* [Description of the task]
In your answer, every line of the records should be written out exactly.

* [Given data]
[Start of Attachment]
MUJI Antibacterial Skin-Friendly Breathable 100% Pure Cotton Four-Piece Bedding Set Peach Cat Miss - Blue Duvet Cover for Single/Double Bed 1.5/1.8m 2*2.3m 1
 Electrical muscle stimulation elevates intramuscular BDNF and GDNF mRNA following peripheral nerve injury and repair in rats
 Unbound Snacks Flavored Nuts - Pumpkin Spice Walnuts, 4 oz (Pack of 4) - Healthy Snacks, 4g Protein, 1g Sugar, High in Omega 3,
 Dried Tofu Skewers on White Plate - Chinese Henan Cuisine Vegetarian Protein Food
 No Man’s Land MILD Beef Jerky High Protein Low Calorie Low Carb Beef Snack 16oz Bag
[End of Attachment]
* [Finished exercise]
MUJI Antibacterial Skin-Friendly Breathable 100% Pure Cotton Four-Piece Bedding Set Peach Cat Miss - Blue Duvet Cover for Single/Double Bed 1.5/1.8m 2*2.3m 1
 Electrical muscle stimulation elevates intramuscular BDNF and GDNF mRNA following peripheral nerve injury and repair in rats
 Unbound Snacks Flavored Nuts - Pumpkin Spice Walnuts, 4 oz (Pack of 4) - Healthy Snacks, 4g Protein, 1g Sugar, High in Omega 3,
 Dried Tofu Skewers on White Plate - Chinese Henan Cuisine Vegetarian Protein Food
 No Man’s Land MILD Beef Jerky High Protein Low Calorie Low Carb Beef Snack 16oz Bag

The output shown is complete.